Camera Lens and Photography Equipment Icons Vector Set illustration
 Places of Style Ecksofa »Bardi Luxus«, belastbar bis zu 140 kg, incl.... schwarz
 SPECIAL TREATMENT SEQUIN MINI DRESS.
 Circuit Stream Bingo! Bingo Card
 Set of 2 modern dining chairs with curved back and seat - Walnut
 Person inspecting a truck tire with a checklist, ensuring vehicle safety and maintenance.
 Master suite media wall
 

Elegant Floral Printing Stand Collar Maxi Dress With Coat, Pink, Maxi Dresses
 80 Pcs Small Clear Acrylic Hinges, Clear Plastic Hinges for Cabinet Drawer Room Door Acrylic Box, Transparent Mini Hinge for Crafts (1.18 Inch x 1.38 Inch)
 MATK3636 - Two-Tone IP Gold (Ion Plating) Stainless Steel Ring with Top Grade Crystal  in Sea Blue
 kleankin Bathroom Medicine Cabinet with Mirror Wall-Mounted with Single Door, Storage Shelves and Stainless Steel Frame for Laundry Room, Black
☆ ☆ ☆ ☆ ☆
--- What you have to do ---
Print out every record again, exactly and in full.

--- Completed exercise ---
Camera Lens and Photography Equipment Icons Vector Set illustration
 Places of Style Ecksofa »Bardi Luxus«, belastbar bis zu 140 kg, incl.... schwarz
 SPECIAL TREATMENT SEQUIN MINI DRESS.
 Circuit Stream Bingo! Bingo Card
 Set of 2 modern dining chairs with curved back and seat - Walnut
 Person inspecting a truck tire with a checklist, ensuring vehicle safety and maintenance.
 Master suite media wall
 

Elegant Floral Printing Stand Collar Maxi Dress With Coat, Pink, Maxi Dresses
 80 Pcs Small Clear Acrylic Hinges, Clear Plastic Hinges for Cabinet Drawer Room Door Acrylic Box, Transparent Mini Hinge for Crafts (1.18 Inch x 1.38 Inch)
 MATK3636 - Two-Tone IP Gold (Ion Plating) Stainless Steel Ring with Top Grade Crystal  in Sea Blue
 kleankin Bathroom Medicine Cabinet with Mirror Wall-Mounted with Single Door, Storage Shelves and Stainless Steel Frame for Laundry Room, Black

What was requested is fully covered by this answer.